Well of course you have to make sure your timings and latencies work out for the bus you are running across. Buses are usually configured for certain timing settings, so its just a matter of setting up the bus correctly.
LVDS obviously adds extra latency to the whole thing because the process of serialization takes time, but the time it takes is always constant so the bus can be configured for the correct latency. Clock + unidirectional LVDS pairs is the way to go, tho you may want more than one pair going each way if you want to have lots of speed and low latency.
As for narrowing the bus down to 16bit or 8bit, this is done by the same memory bridge block that you will likely need to sort out the bus timings (Internal buses likely run on timings that are too fast). Various memory bus bridges and adapters are often used inside FPGAs for connecting modules with the wrong bus type onto the given main memory bus. So if you connect a module with a 8bit interface to a 32bit bus there will have to be a bus converter between to make it work. Vendors often provide such bus converters, or provide a tool that builds your bus system automatically, inserting these converters wherever needed like magic (Like Altera SOPC builder and whatever Xilinxes equivalent tool is called).

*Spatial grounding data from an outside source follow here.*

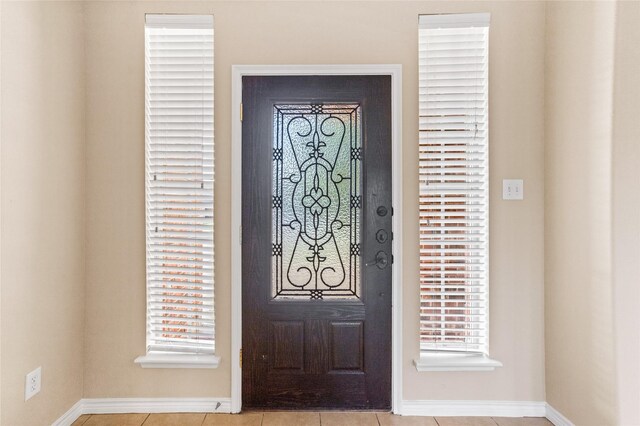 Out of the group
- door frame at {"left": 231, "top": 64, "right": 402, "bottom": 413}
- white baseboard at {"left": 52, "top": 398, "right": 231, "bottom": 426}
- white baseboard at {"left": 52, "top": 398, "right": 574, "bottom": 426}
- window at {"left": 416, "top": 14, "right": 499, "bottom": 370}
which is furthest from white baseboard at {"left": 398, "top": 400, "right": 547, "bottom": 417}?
white baseboard at {"left": 52, "top": 398, "right": 231, "bottom": 426}

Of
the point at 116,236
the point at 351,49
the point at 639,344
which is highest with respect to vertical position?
the point at 351,49

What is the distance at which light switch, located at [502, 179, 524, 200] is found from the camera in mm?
2381

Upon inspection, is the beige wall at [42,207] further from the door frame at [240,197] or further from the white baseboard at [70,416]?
the door frame at [240,197]

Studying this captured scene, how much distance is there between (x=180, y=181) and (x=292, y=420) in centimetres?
151

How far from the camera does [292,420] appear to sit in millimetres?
2289

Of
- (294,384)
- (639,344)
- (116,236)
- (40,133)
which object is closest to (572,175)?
(639,344)

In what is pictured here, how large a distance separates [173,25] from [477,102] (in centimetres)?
184

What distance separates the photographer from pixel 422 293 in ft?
7.93

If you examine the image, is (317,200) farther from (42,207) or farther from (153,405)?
(153,405)

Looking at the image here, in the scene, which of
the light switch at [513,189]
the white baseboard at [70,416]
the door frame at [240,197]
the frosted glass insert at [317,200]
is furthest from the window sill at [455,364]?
the white baseboard at [70,416]

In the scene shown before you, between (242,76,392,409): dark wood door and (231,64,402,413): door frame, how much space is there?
1.3 inches

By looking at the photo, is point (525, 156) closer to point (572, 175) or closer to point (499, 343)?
point (572, 175)

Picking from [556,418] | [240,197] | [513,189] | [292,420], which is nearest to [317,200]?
[240,197]

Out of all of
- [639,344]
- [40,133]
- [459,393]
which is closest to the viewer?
[639,344] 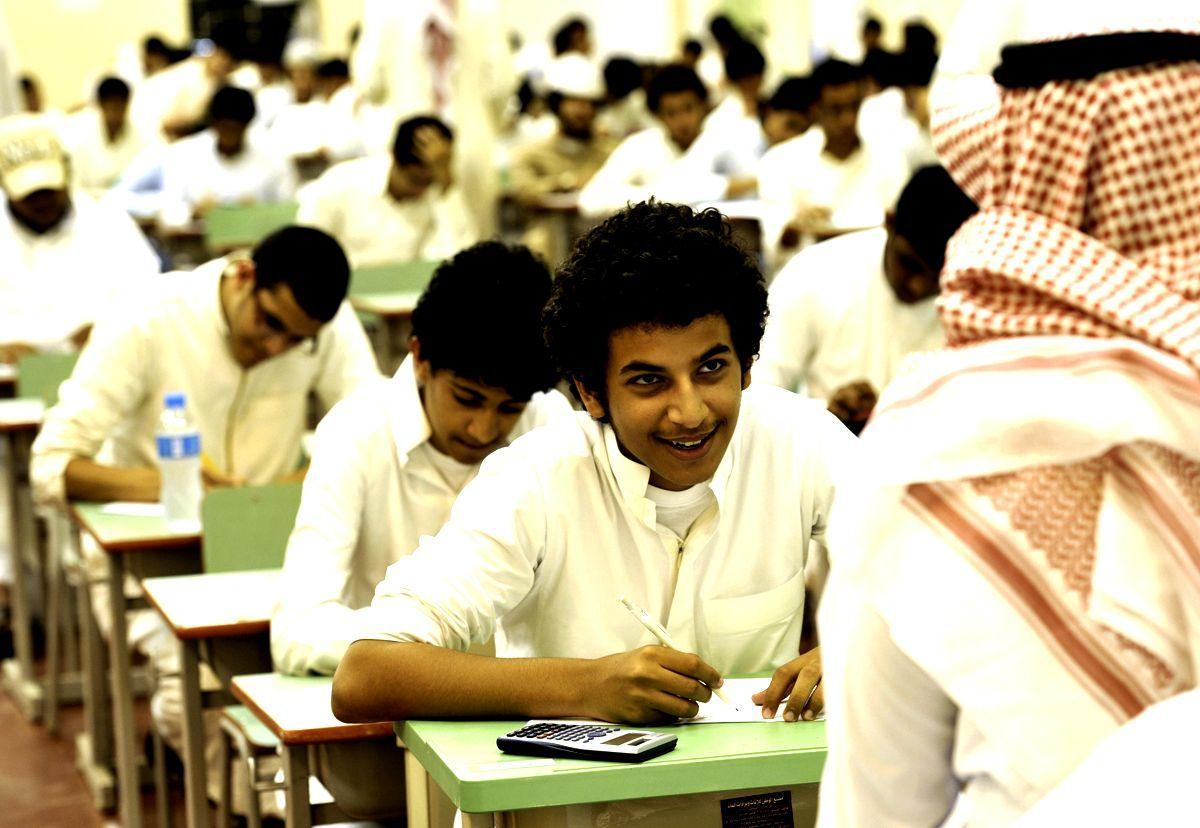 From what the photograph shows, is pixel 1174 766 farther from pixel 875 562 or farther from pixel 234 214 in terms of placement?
pixel 234 214

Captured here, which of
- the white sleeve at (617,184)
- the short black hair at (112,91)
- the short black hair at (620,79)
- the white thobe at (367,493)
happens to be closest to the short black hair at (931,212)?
the white thobe at (367,493)

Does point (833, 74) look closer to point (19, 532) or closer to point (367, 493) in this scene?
point (19, 532)

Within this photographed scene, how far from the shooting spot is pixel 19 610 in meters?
4.77

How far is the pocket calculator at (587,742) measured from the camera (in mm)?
1807

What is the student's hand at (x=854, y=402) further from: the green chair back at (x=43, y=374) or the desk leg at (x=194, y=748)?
the green chair back at (x=43, y=374)

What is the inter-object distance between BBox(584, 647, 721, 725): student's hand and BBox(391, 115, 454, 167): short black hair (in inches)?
224

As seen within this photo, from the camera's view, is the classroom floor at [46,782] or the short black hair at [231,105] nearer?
the classroom floor at [46,782]

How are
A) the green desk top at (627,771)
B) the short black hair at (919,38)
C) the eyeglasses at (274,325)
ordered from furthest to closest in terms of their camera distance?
the short black hair at (919,38) < the eyeglasses at (274,325) < the green desk top at (627,771)

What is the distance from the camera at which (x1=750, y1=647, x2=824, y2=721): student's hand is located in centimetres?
195

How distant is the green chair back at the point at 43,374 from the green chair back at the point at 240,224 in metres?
2.59

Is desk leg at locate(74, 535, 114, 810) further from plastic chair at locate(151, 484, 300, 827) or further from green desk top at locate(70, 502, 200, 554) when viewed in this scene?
plastic chair at locate(151, 484, 300, 827)

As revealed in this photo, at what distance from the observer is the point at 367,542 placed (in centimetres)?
298

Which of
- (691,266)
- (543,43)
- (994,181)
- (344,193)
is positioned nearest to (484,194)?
(344,193)

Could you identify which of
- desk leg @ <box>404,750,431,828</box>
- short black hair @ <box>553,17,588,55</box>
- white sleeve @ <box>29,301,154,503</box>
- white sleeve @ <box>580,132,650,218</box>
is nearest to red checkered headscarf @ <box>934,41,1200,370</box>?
desk leg @ <box>404,750,431,828</box> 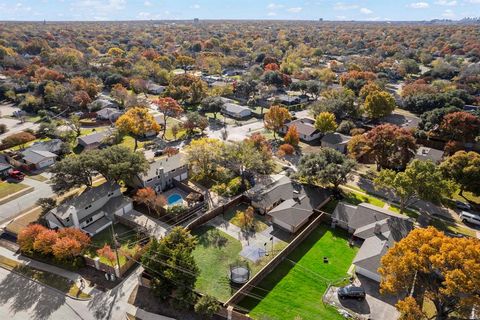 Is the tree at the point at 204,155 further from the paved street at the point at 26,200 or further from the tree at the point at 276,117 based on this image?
the paved street at the point at 26,200

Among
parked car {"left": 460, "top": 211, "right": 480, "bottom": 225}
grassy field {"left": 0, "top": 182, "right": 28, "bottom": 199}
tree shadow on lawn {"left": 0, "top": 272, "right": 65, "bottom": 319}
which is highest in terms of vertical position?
parked car {"left": 460, "top": 211, "right": 480, "bottom": 225}

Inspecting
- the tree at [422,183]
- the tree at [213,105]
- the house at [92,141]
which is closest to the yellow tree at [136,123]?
the house at [92,141]

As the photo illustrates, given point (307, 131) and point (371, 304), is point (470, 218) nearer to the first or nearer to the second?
point (371, 304)

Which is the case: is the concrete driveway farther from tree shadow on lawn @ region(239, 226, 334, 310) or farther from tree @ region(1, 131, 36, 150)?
tree @ region(1, 131, 36, 150)

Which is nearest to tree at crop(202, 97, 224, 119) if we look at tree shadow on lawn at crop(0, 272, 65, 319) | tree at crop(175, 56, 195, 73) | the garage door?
tree shadow on lawn at crop(0, 272, 65, 319)

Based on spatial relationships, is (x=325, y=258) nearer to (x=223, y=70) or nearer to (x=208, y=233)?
(x=208, y=233) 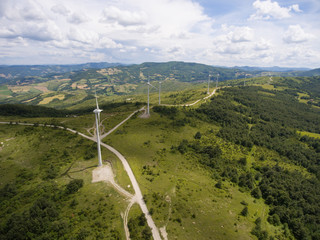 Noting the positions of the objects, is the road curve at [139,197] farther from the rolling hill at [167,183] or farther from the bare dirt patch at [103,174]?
the bare dirt patch at [103,174]

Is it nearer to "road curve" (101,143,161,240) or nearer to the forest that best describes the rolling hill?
the forest

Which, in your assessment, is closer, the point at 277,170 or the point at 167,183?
the point at 167,183

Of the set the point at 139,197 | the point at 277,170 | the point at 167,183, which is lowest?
the point at 277,170

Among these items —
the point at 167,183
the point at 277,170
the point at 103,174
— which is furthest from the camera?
the point at 277,170

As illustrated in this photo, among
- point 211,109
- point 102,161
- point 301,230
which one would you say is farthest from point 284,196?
point 211,109

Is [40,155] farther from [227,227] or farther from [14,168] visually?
[227,227]

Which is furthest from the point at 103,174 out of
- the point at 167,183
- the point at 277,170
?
the point at 277,170

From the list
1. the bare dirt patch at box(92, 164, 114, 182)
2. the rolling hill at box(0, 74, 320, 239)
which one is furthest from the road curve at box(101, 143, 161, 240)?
the bare dirt patch at box(92, 164, 114, 182)

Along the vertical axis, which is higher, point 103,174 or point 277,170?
point 103,174

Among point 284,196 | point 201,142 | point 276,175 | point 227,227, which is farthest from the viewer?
point 201,142

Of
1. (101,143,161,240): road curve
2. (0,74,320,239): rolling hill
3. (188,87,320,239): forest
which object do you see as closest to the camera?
(101,143,161,240): road curve

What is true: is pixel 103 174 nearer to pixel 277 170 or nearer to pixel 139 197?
pixel 139 197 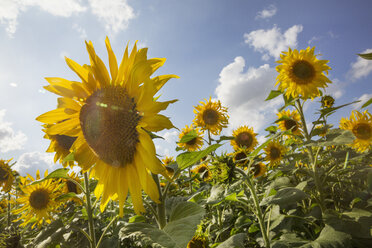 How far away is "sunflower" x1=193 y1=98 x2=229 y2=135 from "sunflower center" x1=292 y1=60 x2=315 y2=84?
2167 mm

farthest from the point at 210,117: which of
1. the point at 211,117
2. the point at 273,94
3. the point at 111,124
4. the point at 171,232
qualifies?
the point at 171,232

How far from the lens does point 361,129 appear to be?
3266 mm

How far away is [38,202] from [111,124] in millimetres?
2963

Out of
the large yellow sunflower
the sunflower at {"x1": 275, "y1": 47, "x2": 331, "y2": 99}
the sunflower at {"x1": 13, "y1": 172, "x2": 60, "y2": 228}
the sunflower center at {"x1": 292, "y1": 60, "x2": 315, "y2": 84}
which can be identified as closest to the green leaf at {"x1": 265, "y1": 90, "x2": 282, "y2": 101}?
the sunflower at {"x1": 275, "y1": 47, "x2": 331, "y2": 99}

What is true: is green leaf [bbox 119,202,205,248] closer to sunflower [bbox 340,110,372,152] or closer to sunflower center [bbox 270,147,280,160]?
sunflower [bbox 340,110,372,152]

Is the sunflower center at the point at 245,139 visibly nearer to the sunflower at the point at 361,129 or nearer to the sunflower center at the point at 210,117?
the sunflower center at the point at 210,117

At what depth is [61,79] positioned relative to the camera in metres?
1.58

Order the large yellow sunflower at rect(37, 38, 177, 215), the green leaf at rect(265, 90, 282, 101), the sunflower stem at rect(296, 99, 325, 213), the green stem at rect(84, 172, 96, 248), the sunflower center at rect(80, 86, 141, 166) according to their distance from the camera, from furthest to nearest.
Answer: the green leaf at rect(265, 90, 282, 101)
the sunflower stem at rect(296, 99, 325, 213)
the green stem at rect(84, 172, 96, 248)
the sunflower center at rect(80, 86, 141, 166)
the large yellow sunflower at rect(37, 38, 177, 215)

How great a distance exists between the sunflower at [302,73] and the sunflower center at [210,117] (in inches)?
81.4

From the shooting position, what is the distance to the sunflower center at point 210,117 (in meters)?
5.61

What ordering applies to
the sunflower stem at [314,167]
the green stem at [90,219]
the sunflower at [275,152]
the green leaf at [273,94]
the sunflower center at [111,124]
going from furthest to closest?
the sunflower at [275,152], the green leaf at [273,94], the sunflower stem at [314,167], the green stem at [90,219], the sunflower center at [111,124]

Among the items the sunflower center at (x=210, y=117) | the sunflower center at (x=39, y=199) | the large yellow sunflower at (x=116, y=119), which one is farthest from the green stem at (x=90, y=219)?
the sunflower center at (x=210, y=117)

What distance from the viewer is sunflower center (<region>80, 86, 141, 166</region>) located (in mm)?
1317

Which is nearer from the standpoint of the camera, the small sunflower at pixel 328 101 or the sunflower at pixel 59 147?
the sunflower at pixel 59 147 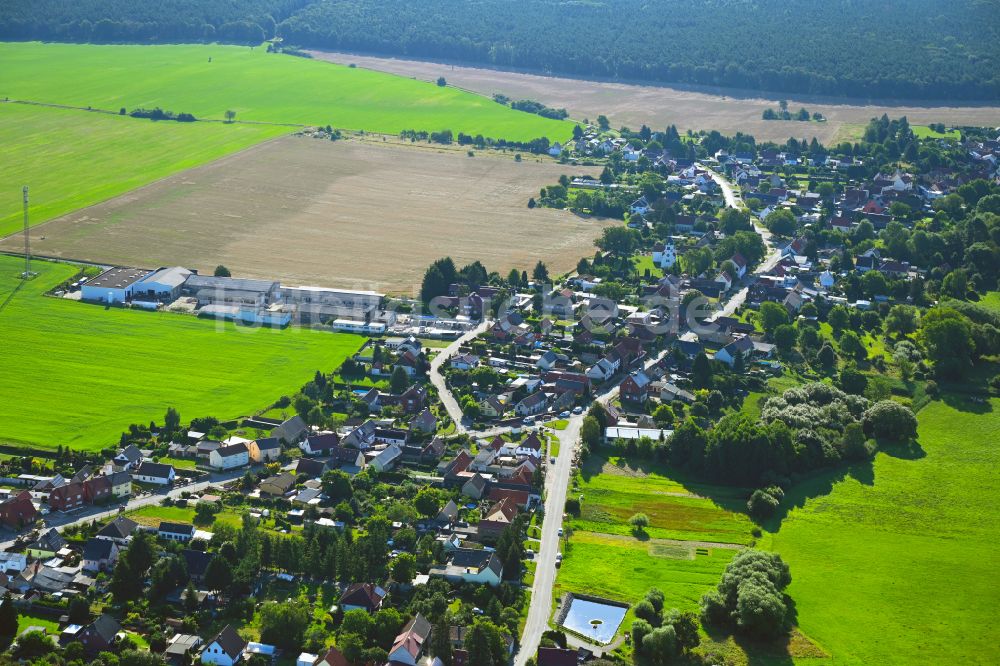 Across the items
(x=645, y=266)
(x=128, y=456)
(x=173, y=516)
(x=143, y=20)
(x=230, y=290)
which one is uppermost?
(x=143, y=20)

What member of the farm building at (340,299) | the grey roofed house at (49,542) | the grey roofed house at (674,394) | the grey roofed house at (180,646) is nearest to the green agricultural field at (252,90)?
the farm building at (340,299)

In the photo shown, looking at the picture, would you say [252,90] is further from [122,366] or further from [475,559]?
[475,559]

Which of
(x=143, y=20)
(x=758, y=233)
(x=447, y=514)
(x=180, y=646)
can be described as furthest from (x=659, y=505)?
(x=143, y=20)

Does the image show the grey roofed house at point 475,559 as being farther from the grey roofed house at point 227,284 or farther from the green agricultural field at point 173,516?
the grey roofed house at point 227,284

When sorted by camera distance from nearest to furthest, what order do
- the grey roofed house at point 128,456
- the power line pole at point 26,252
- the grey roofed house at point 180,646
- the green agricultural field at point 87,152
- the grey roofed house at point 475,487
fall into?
the grey roofed house at point 180,646
the grey roofed house at point 475,487
the grey roofed house at point 128,456
the power line pole at point 26,252
the green agricultural field at point 87,152

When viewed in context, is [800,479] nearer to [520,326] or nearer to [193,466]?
[520,326]

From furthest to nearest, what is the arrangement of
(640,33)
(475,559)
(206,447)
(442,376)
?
(640,33), (442,376), (206,447), (475,559)
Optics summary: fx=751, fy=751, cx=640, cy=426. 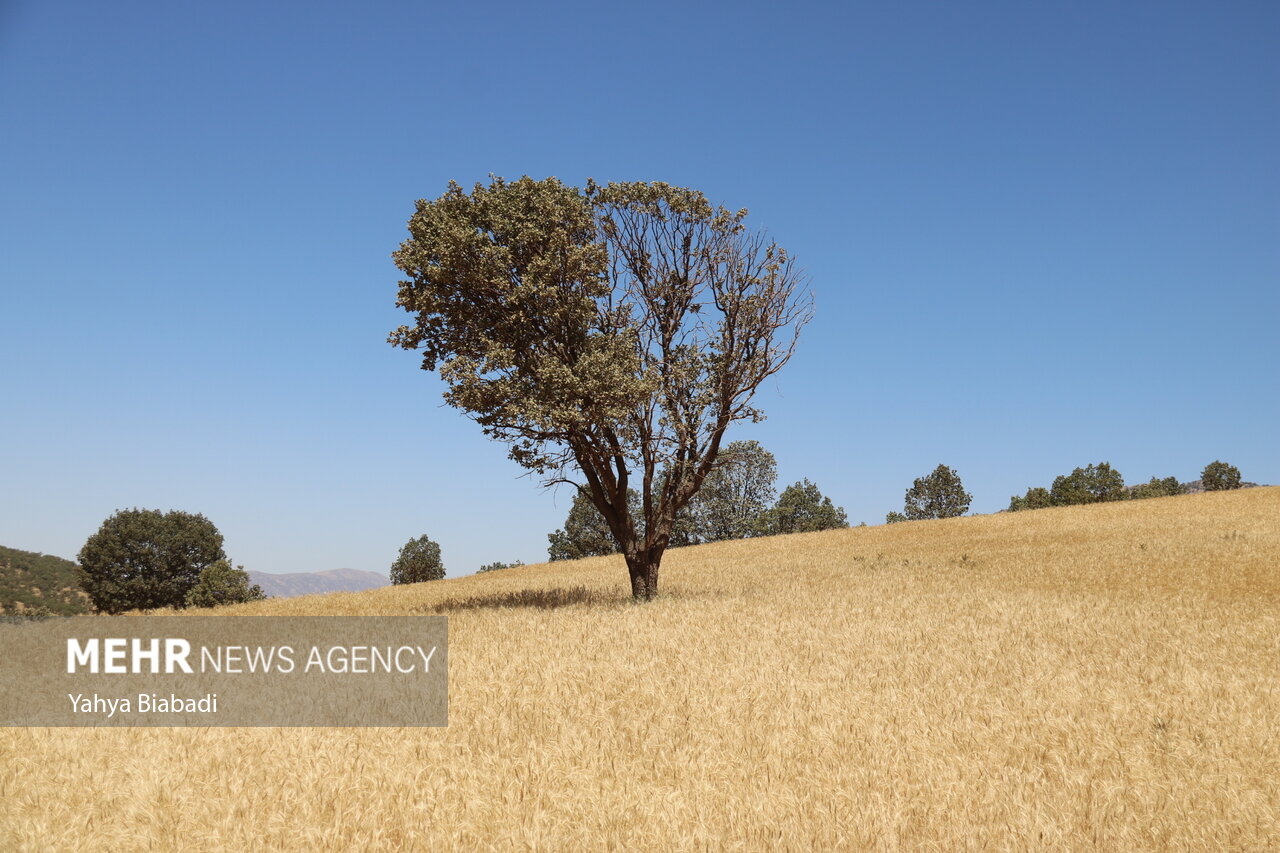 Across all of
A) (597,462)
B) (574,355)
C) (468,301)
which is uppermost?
(468,301)

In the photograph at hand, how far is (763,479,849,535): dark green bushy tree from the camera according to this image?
100750 millimetres

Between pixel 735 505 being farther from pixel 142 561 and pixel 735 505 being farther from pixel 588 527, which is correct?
pixel 142 561

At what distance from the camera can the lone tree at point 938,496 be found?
376 ft

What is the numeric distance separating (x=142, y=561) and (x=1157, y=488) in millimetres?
126433

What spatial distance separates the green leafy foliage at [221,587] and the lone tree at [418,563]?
2029 cm

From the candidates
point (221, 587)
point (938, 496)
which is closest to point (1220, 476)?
point (938, 496)

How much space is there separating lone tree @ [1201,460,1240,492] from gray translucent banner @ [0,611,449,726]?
120 m

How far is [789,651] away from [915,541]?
36.8 meters

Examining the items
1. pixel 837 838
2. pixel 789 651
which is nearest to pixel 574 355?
pixel 789 651

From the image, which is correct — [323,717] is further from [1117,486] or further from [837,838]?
[1117,486]

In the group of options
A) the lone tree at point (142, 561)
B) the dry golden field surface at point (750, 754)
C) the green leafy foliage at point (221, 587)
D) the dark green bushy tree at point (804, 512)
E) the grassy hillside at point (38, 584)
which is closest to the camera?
the dry golden field surface at point (750, 754)

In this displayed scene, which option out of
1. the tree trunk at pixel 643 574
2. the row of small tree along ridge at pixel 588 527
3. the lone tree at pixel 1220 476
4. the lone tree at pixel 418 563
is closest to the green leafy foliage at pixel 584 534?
the row of small tree along ridge at pixel 588 527

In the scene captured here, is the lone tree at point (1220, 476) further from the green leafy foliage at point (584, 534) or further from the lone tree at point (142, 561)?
the lone tree at point (142, 561)

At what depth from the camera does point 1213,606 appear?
18.8 metres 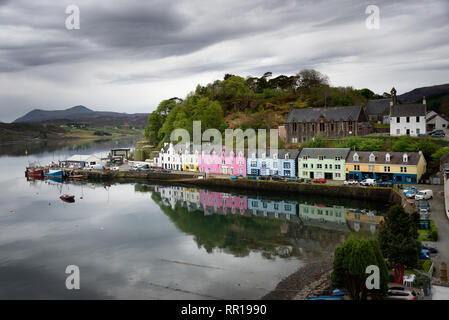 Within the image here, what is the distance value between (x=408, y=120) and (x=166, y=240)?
35.6m

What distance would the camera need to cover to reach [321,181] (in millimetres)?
41094

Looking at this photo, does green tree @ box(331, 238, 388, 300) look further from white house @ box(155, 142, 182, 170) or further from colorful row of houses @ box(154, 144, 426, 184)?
white house @ box(155, 142, 182, 170)

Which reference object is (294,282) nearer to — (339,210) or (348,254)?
(348,254)

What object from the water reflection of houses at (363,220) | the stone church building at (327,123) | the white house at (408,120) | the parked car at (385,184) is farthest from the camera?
the stone church building at (327,123)

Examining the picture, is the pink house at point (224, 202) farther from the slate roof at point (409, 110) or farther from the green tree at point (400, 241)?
the slate roof at point (409, 110)

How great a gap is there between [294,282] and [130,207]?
2459 centimetres

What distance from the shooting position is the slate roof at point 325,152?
42.0 meters

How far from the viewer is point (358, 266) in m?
14.9

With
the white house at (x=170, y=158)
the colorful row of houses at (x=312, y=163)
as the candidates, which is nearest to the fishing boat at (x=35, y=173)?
the white house at (x=170, y=158)

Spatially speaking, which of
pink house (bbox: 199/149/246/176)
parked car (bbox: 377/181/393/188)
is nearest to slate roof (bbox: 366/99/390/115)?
parked car (bbox: 377/181/393/188)

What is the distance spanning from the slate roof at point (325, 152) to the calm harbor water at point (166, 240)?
18.9 ft

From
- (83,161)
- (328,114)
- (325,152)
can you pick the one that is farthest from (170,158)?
(325,152)

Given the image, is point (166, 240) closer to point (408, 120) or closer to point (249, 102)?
point (408, 120)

Even so these bus width/timing adapters are not hard to make yourself as long as you don't try to support all the advanced functionality of a complex memory bus configuration (Like transaction interleaving, reordering, buffering, special DMA related stuff etc) that in most cases you will not use or need. So in the end all you need to handle is "Please write X to location Y" and "Please tell me what is at location Y" along with perhaps a busy signal to pause the bus if something clogs up. Its your choice how to get that information across depending on your speed and performance needs. Heck you could do it all over a simple SPI bus if high bandwidth is not required.